This document describes how to deploy GCR Cleaner to Cloud Run and invoke it via Cloud Scheduler. There is also a community-supported Terraform module for gcr-cleaner.

  1. Install the Cloud SDK for your operating system. Alternatively, you can run these commands from Cloud Shell, which has the SDK and other popular tools pre-installed.

  2. Export your project ID as an environment variable. The rest of this setup assumes this environment variable is set.

    export PROJECT_ID="my-project"

    Note this is your project ID, not the project number or name.

  3. Enable the Google APIs - this only needs to be done once per project:

    gcloud services enable --project "${PROJECT_ID}" \
      appengine.googleapis.com \
      cloudscheduler.googleapis.com \
      run.googleapis.com

    This operation can take a few minutes, especially for recently-created projects.

  4. Create a service account which will be assigned to the Cloud Run service:

    gcloud iam service-accounts create "gcr-cleaner" \
      --project "${PROJECT_ID}" \
      --display-name "gcr-cleaner"
  5. Deploy the gcr-cleaner container on Cloud Run running as the service account just created:

    gcloud --quiet run deploy "gcr-cleaner" \
      --async \
      --project ${PROJECT_ID} \
      --platform "managed" \
      --service-account "gcr-cleaner@${PROJECT_ID}.iam.gserviceaccount.com" \
      --image "us-docker.pkg.dev/gcr-cleaner/gcr-cleaner/gcr-cleaner" \
      --region "us-central1" \
      --timeout "60s"
  6. Grant the service account access to delete references.
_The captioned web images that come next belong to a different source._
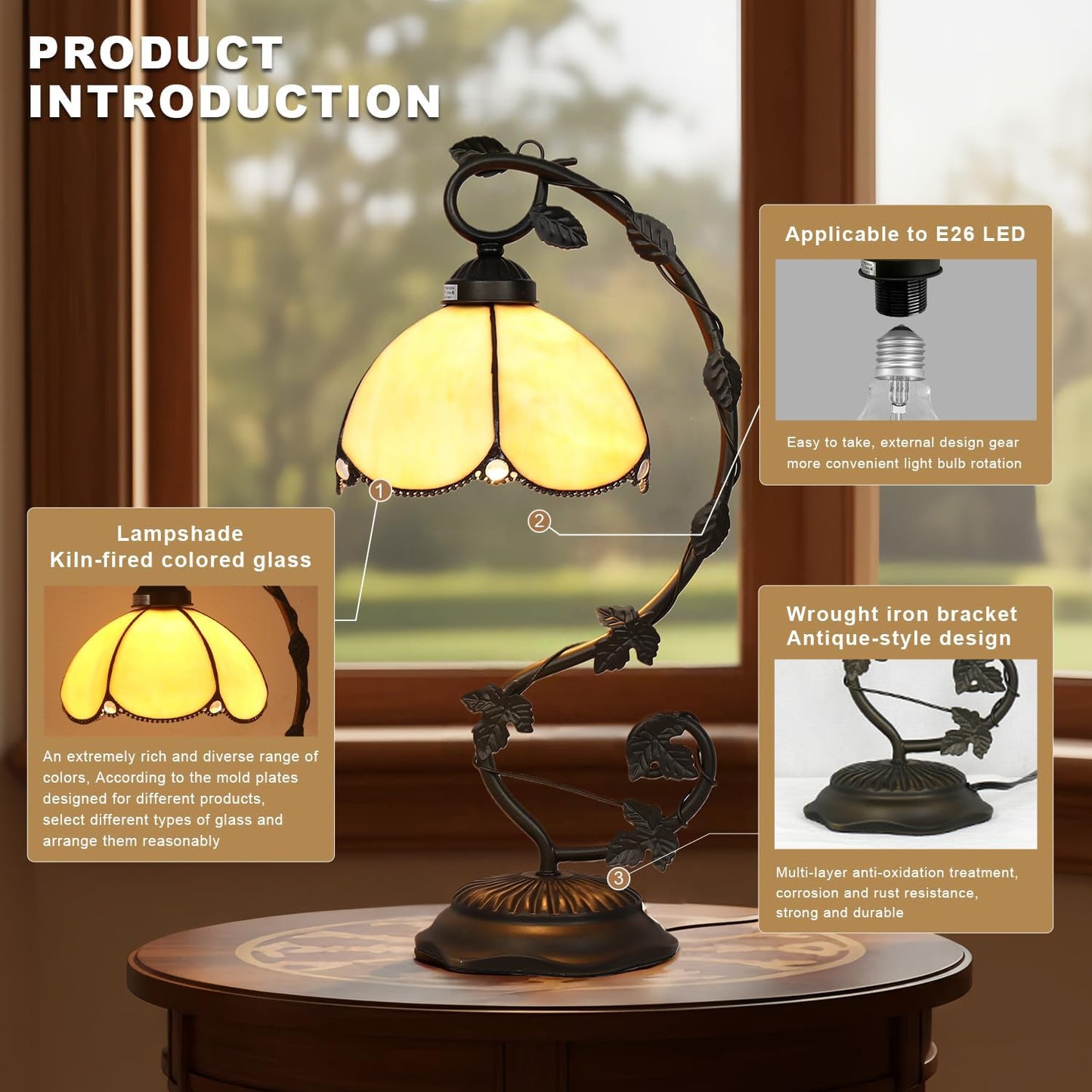 Tiffany Table Lamp, Yellow Glass Shade with Metal Vine Base, 8x10x20 Inch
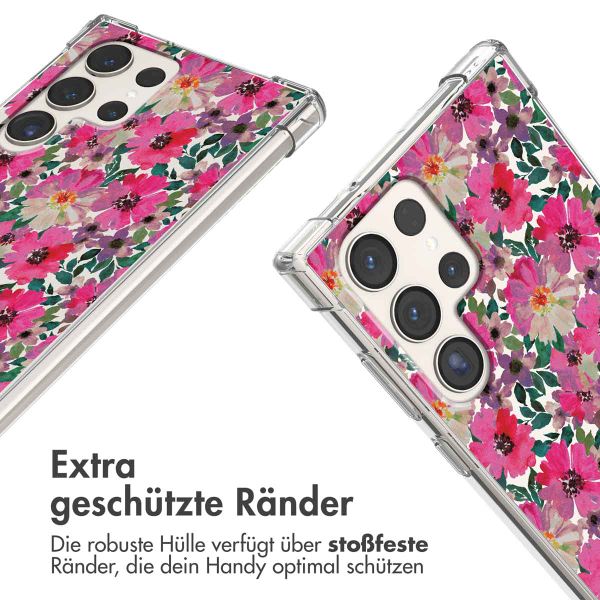 imoshion Design Hülle mit Band Samsung Galaxy S23 Ultra - Flower Water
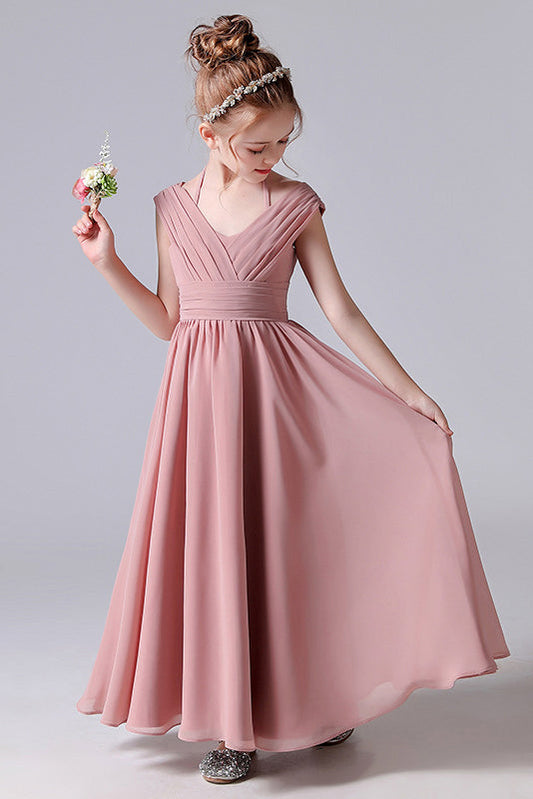 A Line Chiffon Sleeveless Flower Girl Dresses With Pleats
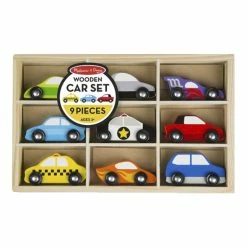 Discount ❤️ Melissa And Doug Melissa & Doug Wooden Car Set, 9 Pieces With Storage Tray 💯
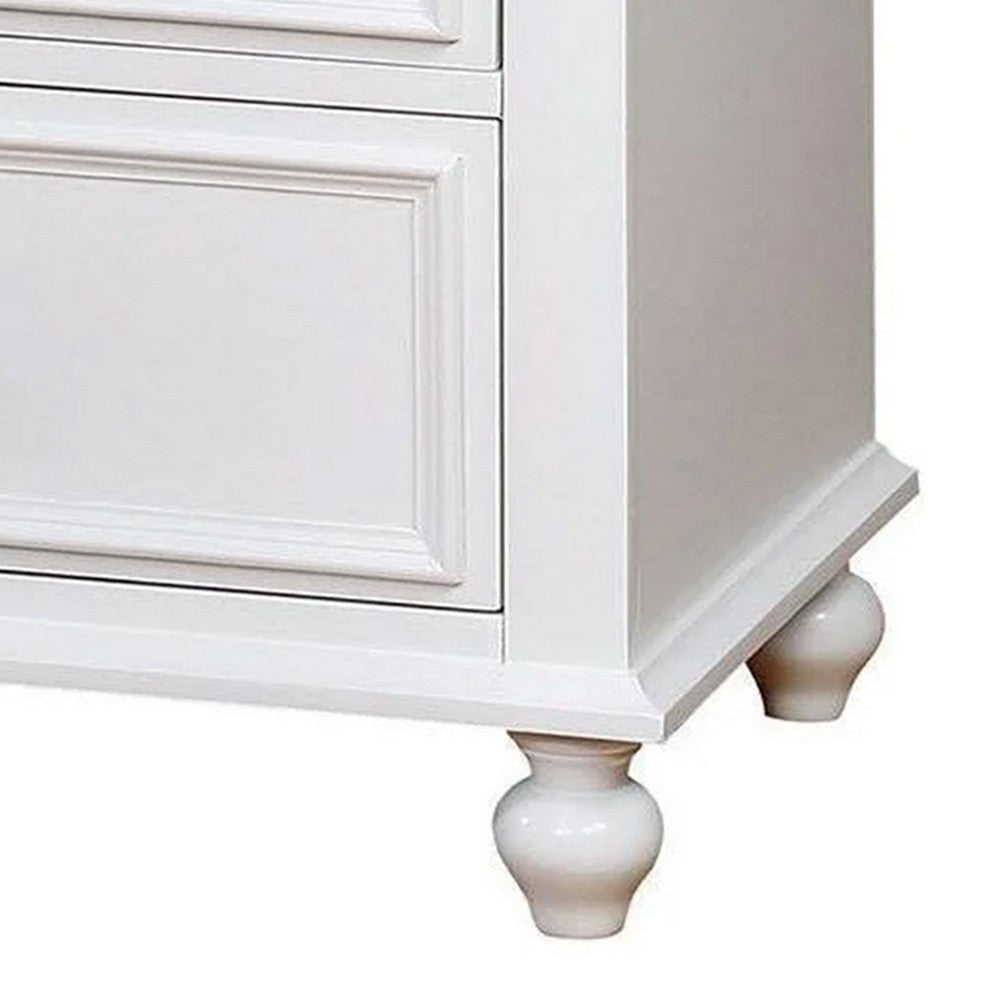 Kny Wide Dresser 7 Drawers Turned Feet Traditional White Solid Wood BM332569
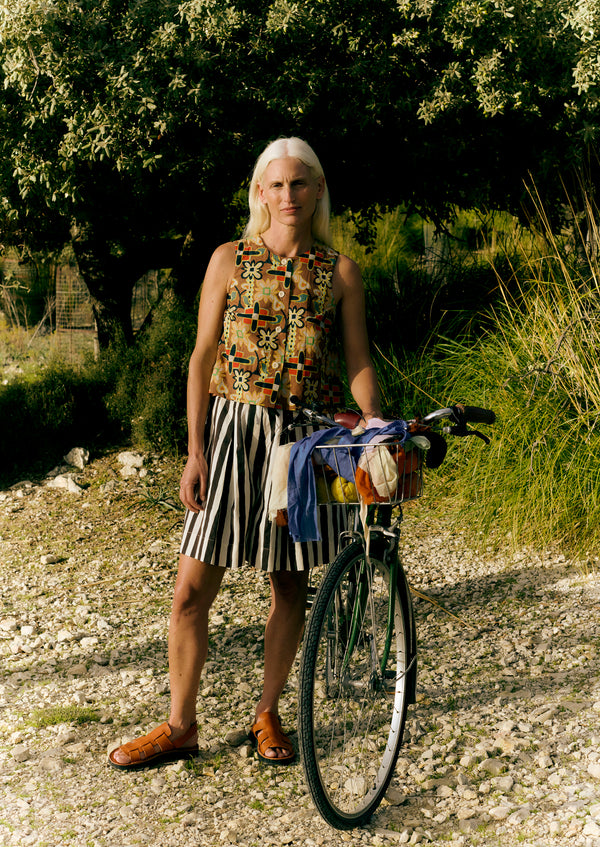 TOAST - Stripe Block Print Cotton Shorts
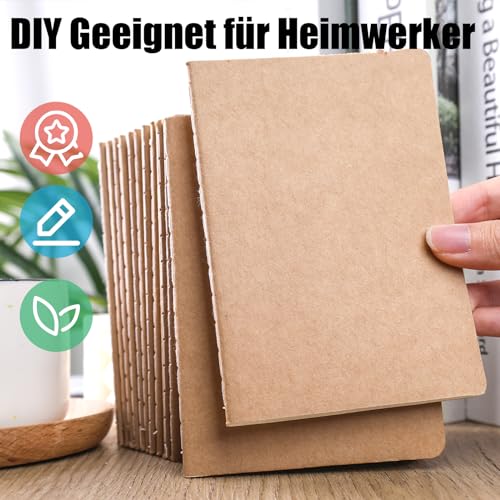 Koogel 32 Stück Klein Liniert Notizbücher, Notizbuch Journal Tagebuch Notizblöcke Schulhefte 13 x 9cm Notizbücher mit Kraftpapier-Einband Braun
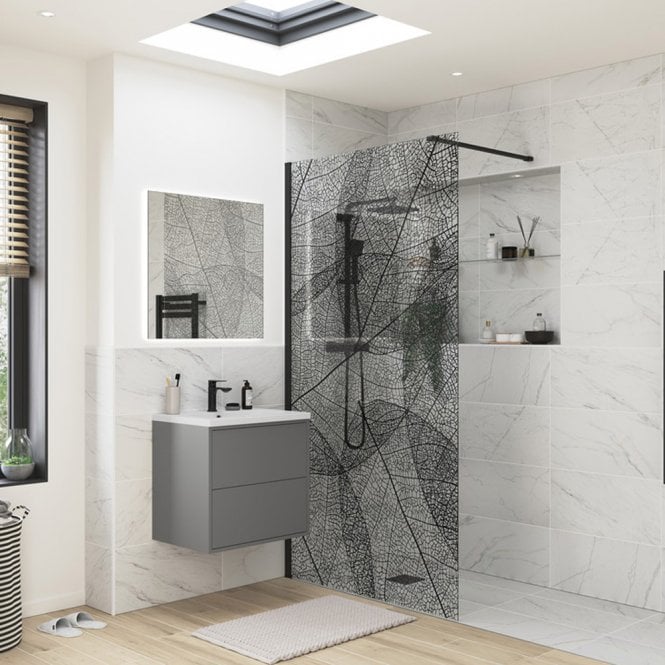Dove Bathrooms Thea 1200mm Leaf Design Wetroom Panel - Black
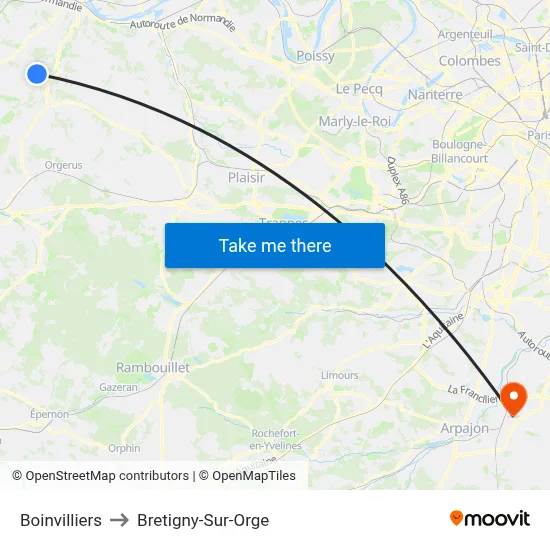 Boinvilliers to Bretigny-Sur-Orge map
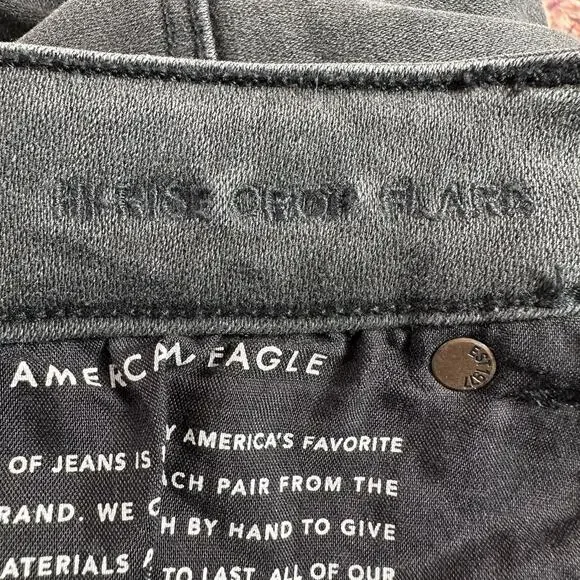 American Eagle HI RISE CROP FLARE Size 20 Short Black Jeans Denim Pants 37x23 - Picture 10 of 11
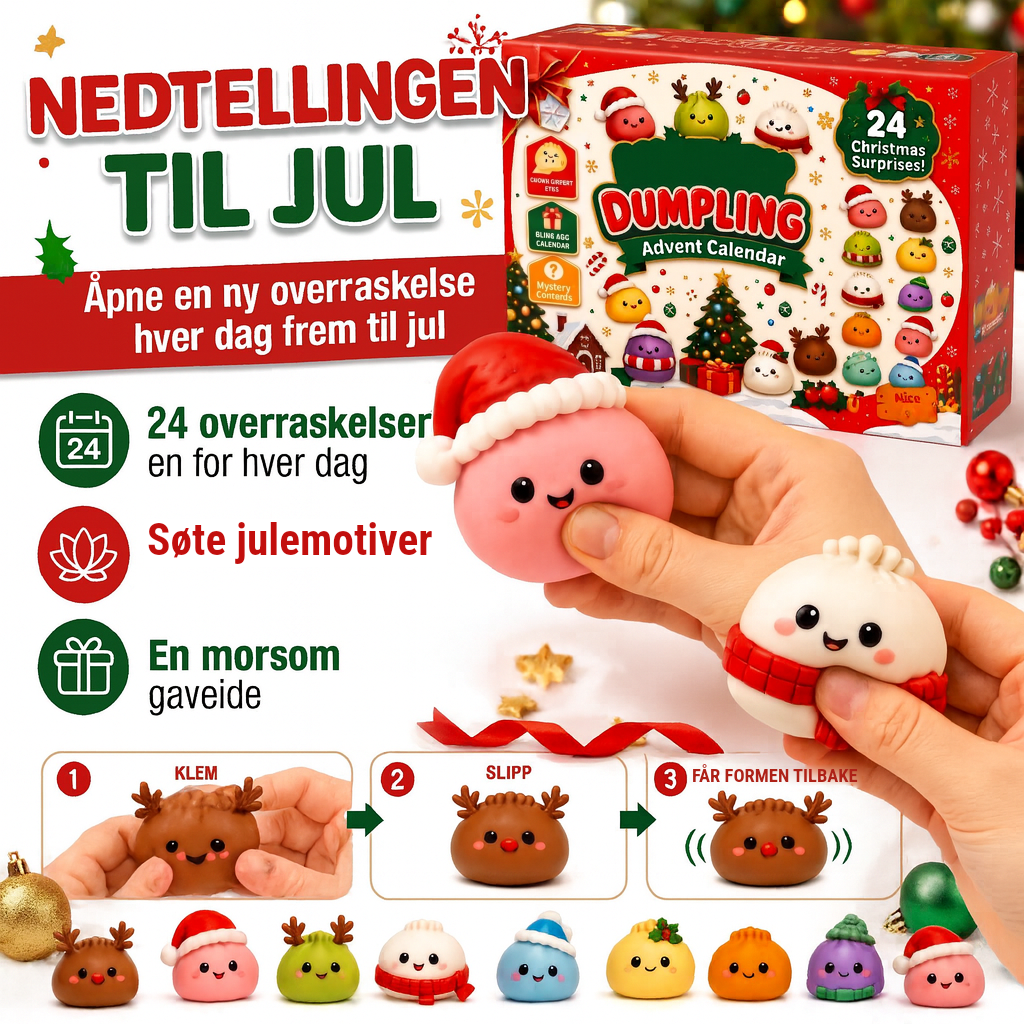 Julekalender 2026 – 24 søte squishy-dumplings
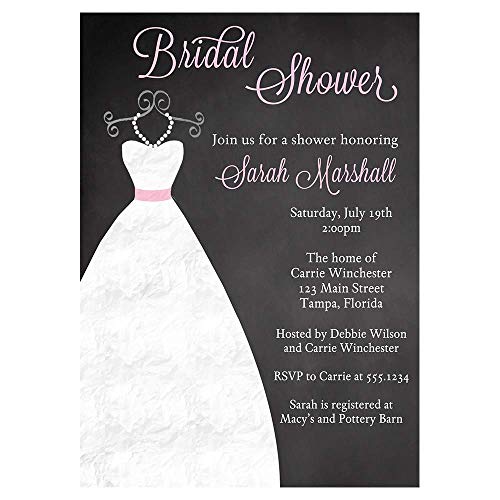 Chalkboard Bridal Shower Invitations Pink Black White Wedding Dress Gown Blackboard Luncheon Pretty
See Permissions for more information.

  7. Create a service account with permission to invoke the Cloud Run service:

    gcloud iam service-accounts create "gcr-cleaner-invoker" \
      --project "${PROJECT_ID}" \
      --display-name "gcr-cleaner-invoker"
    gcloud run services add-iam-policy-binding "gcr-cleaner" \
      --project "${PROJECT_ID}" \
      --platform "managed" \
      --region "us-central1" \
      --member "serviceAccount:gcr-cleaner-invoker@${PROJECT_ID}.iam.gserviceaccount.com" \
      --role "roles/run.invoker"
  8. Create a Cloud Scheduler HTTP job to invoke the function every week:

    gcloud app create \
      --project "${PROJECT_ID}" \
      --region "us-central" \
      --quiet
    # Replace this with the full name of the repository for which you
    # want to cleanup old references, for example:
    export REPO="us-docker-pkg.dev/${PROJECT_ID}/my-repo/my-image"
    # Capture the URL of the Cloud Run service:
    export SERVICE_URL=$(gcloud run services describe gcr-cleaner --project "${PROJECT_ID}" --platform "managed" --region "us-central1" --format 'value(status.url)')
    gcloud scheduler jobs create http "gcrclean-myimage" \
      --project ${PROJECT_ID} \
      --description "Cleanup ${REPO}" \
      --uri "${SERVICE_URL}/http" \
      --message-body "{\"repos\":[\"${REPO}\"]}" \
      --oidc-service-account-email "gcr-cleaner-invoker@${PROJECT_ID}.iam.gserviceaccount.com" \
      --schedule "0 8 * * 2" \
      --time-zone="US/Eastern"

    You can create specify multiple repositories in the list to clean more than one repository.

  9. (Optional) Run the scheduled job now:

    gcloud scheduler jobs run "gcrclean-myimage" \
      --project "${PROJECT_ID}"

    Note: for initial job deployments, you must wait a few minutes before invoking.